Using a dynamically hedged trading strategy, the authors are able to develop a new method for measuring risk premiums by attributing them to the risks exposed in specific moments of the distribution—namely, skew and variance. They demonstrate that the two premiums are related and that the variance premium trade strategy is potentially profitable. The skew strategy is not profitable when the variance strategy is hedged away.
What’s Inside?
The authors provide empirical evidence for—and a deeper understanding of—the coexistence of skew and variance risk premiums (or persistent expected excess returns) in the equity index market. Strategies that use the variance risk premium and strategies that use the skew risk premium are both profitable. But the skew strategy and the variance strategy are exposed to each other, and attempts to hedge away variance risk would significantly diminish the skew risk premium, and vice versa.
How Is This Research Useful to Practitioners?
To explore the risk premiums associated with the return distribution and to measure the skew risk premium of US S&P 500 Index options, the authors develop a trading strategy. The strategy involves buying low-strike puts and writing high-strike calls along with trading options and forwards on the underlying, thereby replicating a skew swap. They use dynamic hedging to maintain constant risk exposure and find a significant skew risk premium.
The results indicate that the profit from buying skew swaps is highly correlated with the profit from writing variance swaps. The writer of the variance swap loses money when implied variance increases. The increase in implied variance causes an increase in covariance between variance and returns, thereby causing the buyer of skew swaps to lose money. The authors suggest that variance swaps and skew swaps create similar kinds of risk exposure.
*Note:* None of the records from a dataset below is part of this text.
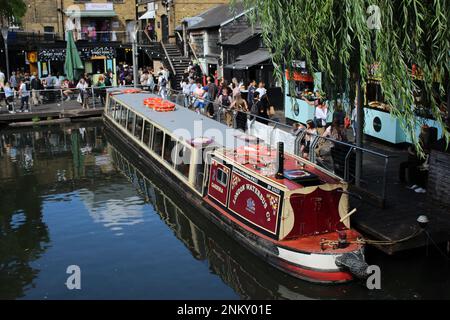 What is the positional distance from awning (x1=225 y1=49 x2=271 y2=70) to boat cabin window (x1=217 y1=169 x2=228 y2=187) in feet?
45.2

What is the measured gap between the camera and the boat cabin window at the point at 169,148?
1540cm

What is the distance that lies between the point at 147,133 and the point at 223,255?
791 centimetres

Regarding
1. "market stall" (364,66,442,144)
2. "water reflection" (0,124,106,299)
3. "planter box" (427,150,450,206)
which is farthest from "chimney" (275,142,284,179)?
"market stall" (364,66,442,144)

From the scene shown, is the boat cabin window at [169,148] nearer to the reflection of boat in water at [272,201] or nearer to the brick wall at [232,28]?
the reflection of boat in water at [272,201]

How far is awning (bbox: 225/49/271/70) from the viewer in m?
25.4

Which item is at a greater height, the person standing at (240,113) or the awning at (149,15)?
the awning at (149,15)

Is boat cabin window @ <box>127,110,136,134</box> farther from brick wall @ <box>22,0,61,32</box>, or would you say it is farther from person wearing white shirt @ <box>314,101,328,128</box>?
brick wall @ <box>22,0,61,32</box>

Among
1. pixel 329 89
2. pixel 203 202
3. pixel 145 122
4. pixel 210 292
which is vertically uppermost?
pixel 329 89

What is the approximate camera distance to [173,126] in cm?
1617

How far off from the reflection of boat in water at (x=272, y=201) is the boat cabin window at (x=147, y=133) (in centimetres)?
314

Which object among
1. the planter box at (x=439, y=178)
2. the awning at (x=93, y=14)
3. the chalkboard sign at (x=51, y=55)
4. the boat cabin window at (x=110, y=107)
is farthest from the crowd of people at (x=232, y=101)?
the awning at (x=93, y=14)

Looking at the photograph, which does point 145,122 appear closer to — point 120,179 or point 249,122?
point 120,179

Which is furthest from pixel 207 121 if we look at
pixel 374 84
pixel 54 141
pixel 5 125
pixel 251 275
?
pixel 5 125

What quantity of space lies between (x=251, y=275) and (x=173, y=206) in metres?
4.61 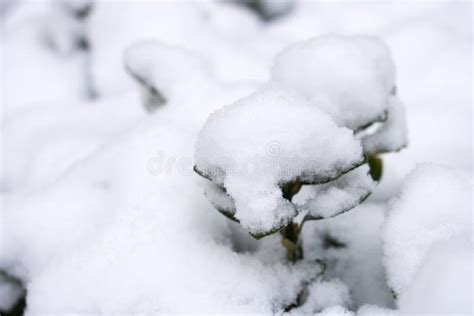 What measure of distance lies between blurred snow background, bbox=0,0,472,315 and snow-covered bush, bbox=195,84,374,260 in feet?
0.38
In addition, they demonstrate that the strategy of buying skew swaps and hedging by buying variance swaps does not generate significant excess return. Both skew and variance risk premiums display time variation, and the same combination of risk factors drives both risk premiums.
There is strong evidence that both variance and skew risk premiums exist in the equity index market. The authors’ scale is sufficiently large to be reflected in an asset pricing model. Premiums do not seem to be explained by the equity risk premium, but there is enough empirical evidence to suggest that a single risk factor is sufficient to explain both premiums.
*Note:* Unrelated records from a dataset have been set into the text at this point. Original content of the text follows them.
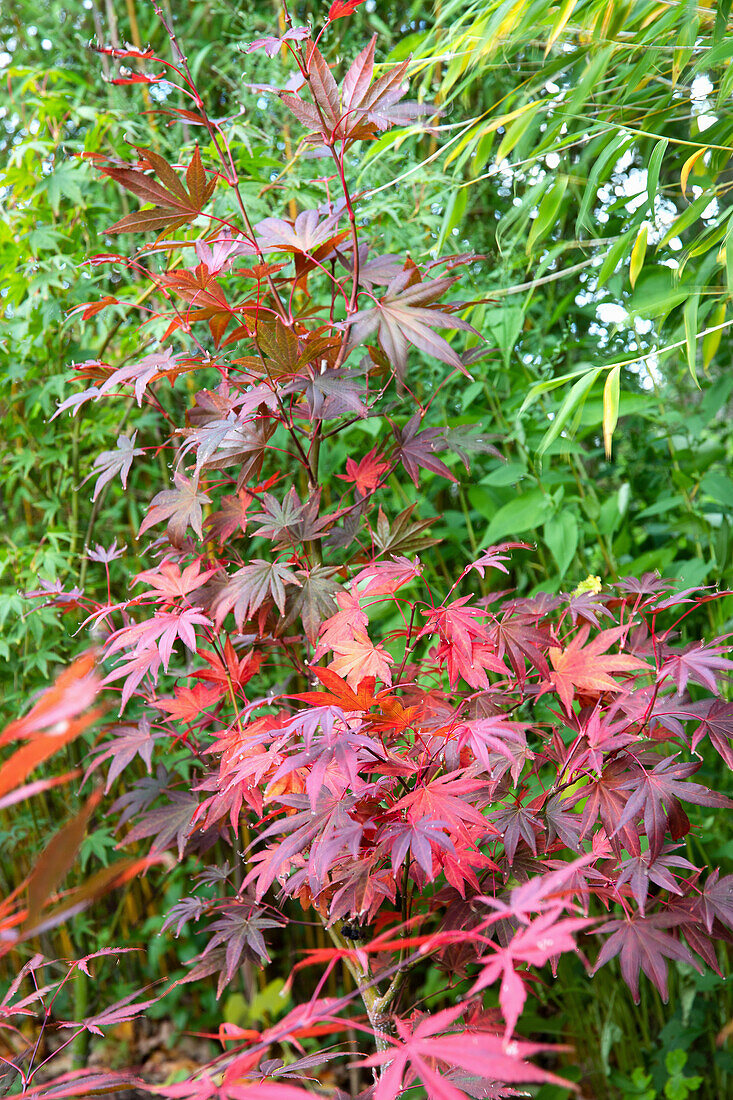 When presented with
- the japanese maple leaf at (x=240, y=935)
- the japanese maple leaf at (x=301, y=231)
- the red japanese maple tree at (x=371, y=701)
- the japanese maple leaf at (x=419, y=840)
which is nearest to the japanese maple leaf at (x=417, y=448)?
the red japanese maple tree at (x=371, y=701)

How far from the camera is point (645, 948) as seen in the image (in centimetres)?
74

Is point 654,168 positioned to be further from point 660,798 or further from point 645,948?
point 645,948

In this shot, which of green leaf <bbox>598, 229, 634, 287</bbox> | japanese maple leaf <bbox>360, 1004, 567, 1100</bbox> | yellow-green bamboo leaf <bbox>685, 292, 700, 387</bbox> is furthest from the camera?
green leaf <bbox>598, 229, 634, 287</bbox>

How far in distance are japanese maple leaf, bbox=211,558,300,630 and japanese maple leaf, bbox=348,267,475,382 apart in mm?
259

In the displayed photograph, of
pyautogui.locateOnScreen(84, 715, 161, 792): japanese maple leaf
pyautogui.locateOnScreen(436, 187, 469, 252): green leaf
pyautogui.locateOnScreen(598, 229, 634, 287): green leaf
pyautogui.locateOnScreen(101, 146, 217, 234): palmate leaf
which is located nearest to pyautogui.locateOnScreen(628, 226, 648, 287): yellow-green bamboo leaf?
pyautogui.locateOnScreen(598, 229, 634, 287): green leaf

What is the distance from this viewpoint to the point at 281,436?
4.15 feet

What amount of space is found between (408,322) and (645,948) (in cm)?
63

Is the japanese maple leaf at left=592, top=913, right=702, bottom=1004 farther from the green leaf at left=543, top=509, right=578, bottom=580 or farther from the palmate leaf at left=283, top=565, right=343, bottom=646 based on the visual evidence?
the green leaf at left=543, top=509, right=578, bottom=580

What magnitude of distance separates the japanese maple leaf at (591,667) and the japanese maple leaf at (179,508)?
42 cm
How Did the Authors Conduct This Research?
The authors develop a method to measure the risk premium in any desired moment of returns. It is a trading strategy that allows for the direct interpretation of the expected return as a risk premium, and the marked-to-market value of the strategy perfectly hedges for changes in the implied moment. Therefore, the average profit can be identified as the risk premium for being exposed to the risk in that moment.
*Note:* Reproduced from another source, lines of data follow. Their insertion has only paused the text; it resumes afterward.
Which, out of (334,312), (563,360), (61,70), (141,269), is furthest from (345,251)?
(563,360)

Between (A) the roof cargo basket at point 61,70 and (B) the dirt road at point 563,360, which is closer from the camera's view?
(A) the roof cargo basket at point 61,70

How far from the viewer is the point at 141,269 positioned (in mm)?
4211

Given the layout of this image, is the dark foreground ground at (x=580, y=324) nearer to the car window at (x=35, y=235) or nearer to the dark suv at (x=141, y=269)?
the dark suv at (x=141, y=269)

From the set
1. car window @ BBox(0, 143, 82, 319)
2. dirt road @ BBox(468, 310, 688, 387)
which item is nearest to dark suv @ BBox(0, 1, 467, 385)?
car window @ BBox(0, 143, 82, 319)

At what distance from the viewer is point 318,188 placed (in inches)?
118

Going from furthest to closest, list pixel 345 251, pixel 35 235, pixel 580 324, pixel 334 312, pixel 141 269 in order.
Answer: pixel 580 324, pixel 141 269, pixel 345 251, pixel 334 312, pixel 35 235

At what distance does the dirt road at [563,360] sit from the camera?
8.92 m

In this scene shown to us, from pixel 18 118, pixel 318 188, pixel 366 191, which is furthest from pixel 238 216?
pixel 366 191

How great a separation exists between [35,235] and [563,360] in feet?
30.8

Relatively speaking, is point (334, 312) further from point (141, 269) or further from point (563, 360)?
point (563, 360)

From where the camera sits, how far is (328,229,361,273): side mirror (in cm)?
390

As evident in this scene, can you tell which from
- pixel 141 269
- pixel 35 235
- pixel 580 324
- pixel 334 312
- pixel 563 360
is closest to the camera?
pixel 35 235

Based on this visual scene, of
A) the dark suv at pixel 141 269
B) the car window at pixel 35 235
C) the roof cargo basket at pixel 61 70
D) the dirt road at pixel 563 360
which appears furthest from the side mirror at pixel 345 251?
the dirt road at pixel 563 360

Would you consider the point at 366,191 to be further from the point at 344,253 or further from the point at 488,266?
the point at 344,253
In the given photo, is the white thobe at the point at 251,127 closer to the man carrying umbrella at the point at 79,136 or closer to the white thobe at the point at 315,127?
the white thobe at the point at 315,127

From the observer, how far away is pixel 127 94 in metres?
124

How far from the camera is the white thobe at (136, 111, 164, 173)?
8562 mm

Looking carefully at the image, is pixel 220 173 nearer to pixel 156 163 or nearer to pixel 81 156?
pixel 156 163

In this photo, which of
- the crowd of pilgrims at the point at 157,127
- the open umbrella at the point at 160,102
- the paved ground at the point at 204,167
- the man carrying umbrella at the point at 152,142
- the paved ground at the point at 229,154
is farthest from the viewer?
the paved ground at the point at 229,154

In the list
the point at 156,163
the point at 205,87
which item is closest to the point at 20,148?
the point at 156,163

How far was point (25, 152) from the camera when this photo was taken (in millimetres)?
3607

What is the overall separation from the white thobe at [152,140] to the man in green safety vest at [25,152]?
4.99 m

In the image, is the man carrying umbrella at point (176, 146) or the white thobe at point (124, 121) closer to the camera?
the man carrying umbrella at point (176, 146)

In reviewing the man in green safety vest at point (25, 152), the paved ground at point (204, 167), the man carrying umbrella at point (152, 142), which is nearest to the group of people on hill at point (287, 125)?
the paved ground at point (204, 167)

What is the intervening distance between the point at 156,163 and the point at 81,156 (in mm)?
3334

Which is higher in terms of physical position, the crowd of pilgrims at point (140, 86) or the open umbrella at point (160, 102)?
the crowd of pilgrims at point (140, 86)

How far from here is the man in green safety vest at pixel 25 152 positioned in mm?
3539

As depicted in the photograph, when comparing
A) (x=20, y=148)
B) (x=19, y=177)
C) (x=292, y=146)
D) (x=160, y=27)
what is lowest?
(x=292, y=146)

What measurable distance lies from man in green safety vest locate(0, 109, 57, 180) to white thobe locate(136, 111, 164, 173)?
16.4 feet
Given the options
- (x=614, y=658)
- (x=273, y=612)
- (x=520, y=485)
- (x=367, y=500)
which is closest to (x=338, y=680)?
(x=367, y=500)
For accuracy, the authors maintain the stability of the same risk exposures by dynamically rebalancing the option portfolio. They use the European options written on the S&P 500 spot index traded on the CBOE. The period covered is from January 1996 to January 2012, and the data are from OptionMetrics. The dataset includes closing bid–ask quotes for all corresponding strike prices, the implied volatility, the zero-yield curve, and closing spot prices of the underlying.
More than 40% of the implied skew in the index option prices with one month to expiry can be explained by the risk premium. The authors find that skew risk is closely related to variance risk, and the excess returns on skew swaps and variance swaps exhibit a correlation of nearly 0.9. They also find that the relationship between skew and variance risk is concealed when the positions are not rebalanced; with the corresponding buy-and-hold strategies, the correlation between the excess returns on skew and variance swaps drops to 0.3.
Abstractor’s Viewpoint
The authors provide a new methodology for understanding and measuring risk premiums in any moment of returns. They show the significance of the skew risk premium in the S&P 500 Index and also demonstrate that there is a strong correlation between the skew and variance risk premium when dynamic hedging is used. This result is very useful when hedging the portfolios for variance and skewness.
I agree with the authors that their constant maturity moment swaps provide a more direct exposure to moment risks and are more effective than static or infrequently balanced portfolios in response to significant risks.